The Legal Marketing “Experts” Are No Better

It’s not just the lawyers who follow this awful guidance, it’s some of the big names in legal marketing as well.  Over and over I see marketers posting blogs that are so clearly designed to “fit” into the SEO “best practices” mold that it’s barely readable.  They look like desperate attention-seekers who are using the platform for nothing else but to climb to the top of the search engines by hook or by crook.

That sucks, because some of them are pretty good at what they do otherwise.

Here’s an idea for you, legal marketing “experts” “gurus” “ninjas” and similarly-meaningless terms.
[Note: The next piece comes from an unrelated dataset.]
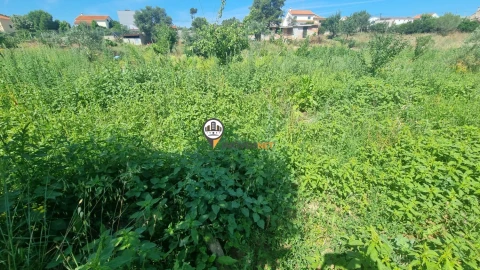 Terreno para Venda em Castelo Branco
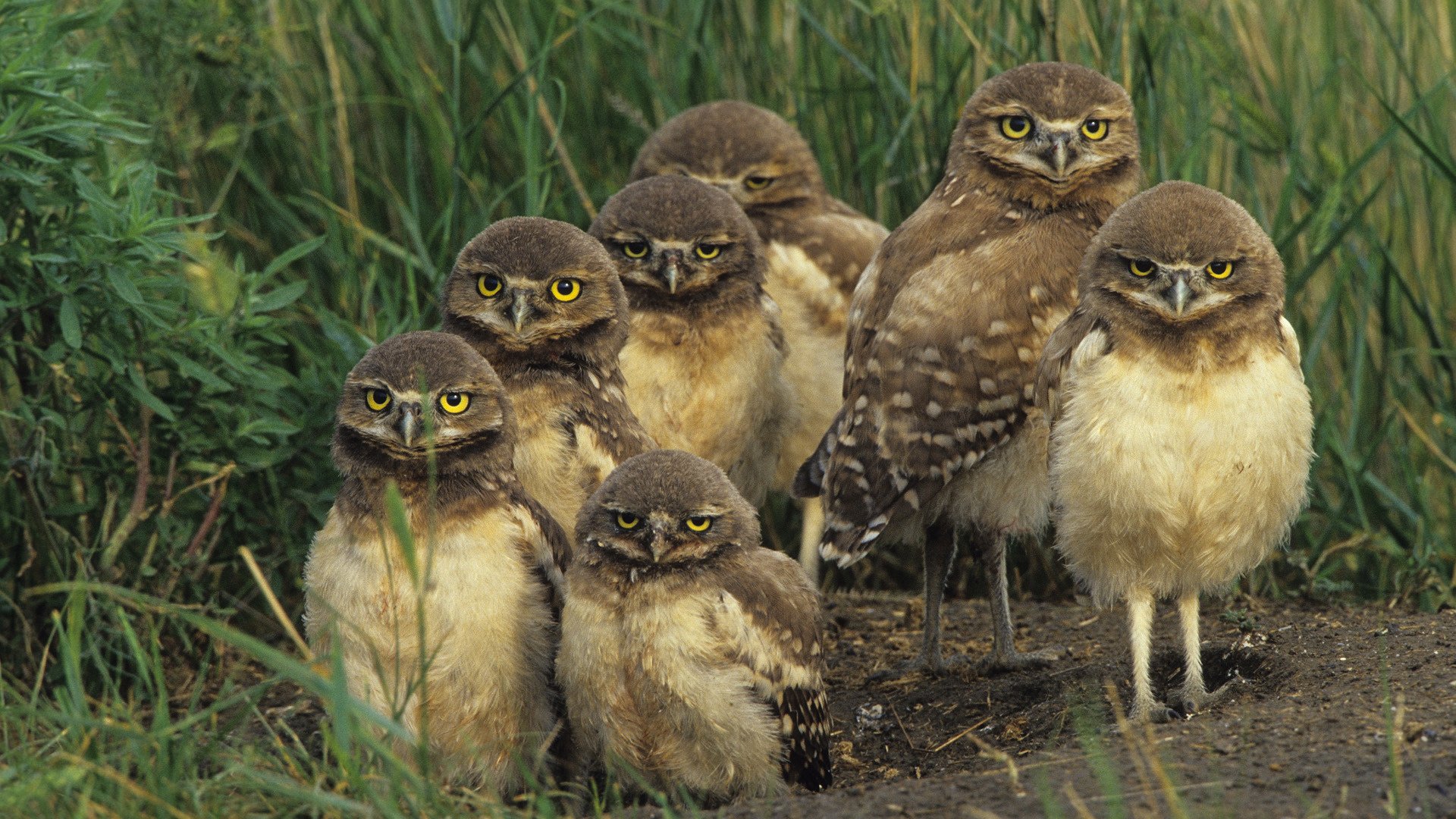 geschwister eulen gang kleinkinder vögel blick augen gefiedert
Why not write someone that people are going to find interesting and entertaining?  Perhaps a bit of, I don’t know, information?  Guidance?

Or are you doing this blogging thing merely because it’s in fashion and a way to get eyeballs to your next conference, retreat, seminar, or pow-wow?

As for you, my lawyer friends, I have a bit of advice.  Take it leave it, as you see fit.

Write stuff that sounds human.  If it’s good, people will read it.  If it sucks, nobody will read it.  And if nobody reads it, you’ll be forced to get better.

Do that.

Image credit:  and.e.


  1. says

    Insert the sound of me clapping loudly! People overthink this stuff and drive themselves and their potential readers batty.

    Write good stuff. Be thoughtful about including keyphrases when you can. That is all.

    Stop sitting on your hands. They fall asleep when you do that.

  2. says

    You expressed my frustration with so many newsletters and webinars. All they do is try to sell me on their products. The lure is there, but there is nothing to back it up. I get so frustrated with it.

    I write to explain something. I know that people read it because they call me with questions. Some of them are in my area and hire me or refer me to others.

    That is what blogging is about. It is a way to educate and help people who need it, highlight what you know and what you can do, and call people to action. It gets your name and expertise out there so when people do need a (Insert expertise here) lawyer, they call or refer YOU.

    • Jay Fleischman says

      Amen, Mitchell. There’s a place for adding to the toolkit, but the basics are all there for you. Learn the skills – the tools can be swapped out.

  3. says

    To me, the most persuasive argument against the SEO copywriting of the type you featured is that it’s intrinsically self-defeating. Even if it’s successful in improving your organic page rank, no one will enjoy reading it once they’ve found you.

  4. says

    Great article. I, like Mitchell, enjoy blogging because I get real world responses from it when I meet with clients. I rarely get comments on my website but it is very satisfying to have someone walk into my office and ask me a question about a specific article or tell me they really enjoy reading my site.

    One issue I struggle with is blogging in an area like bankruptcy law I think it is tough to obtain true followers of your blog. Bankruptcy is usually a one hit thing. I imagine that the people who read my stuff consistently are more likely my mother and other bk attorneys (my Mom knows more about bk than I am sure she thought she ever would!). Once a case is over I doubt I have clients that ever visit my site again.

    Because of this I feel like I need to be conscious of the SEO aspect of my writing to help me with the search engines but at the same time generate content that will keep people there once they click through.

  5. says

    This article really made me think about the content of my blog posts. Now, I am confident that I am passing along great information, but I will put in an “Atlanta” here and “Georgia” there to satisfy the SEO gods. Maybe that is the wrong approach, or perhaps, as with everything, moderation is the key.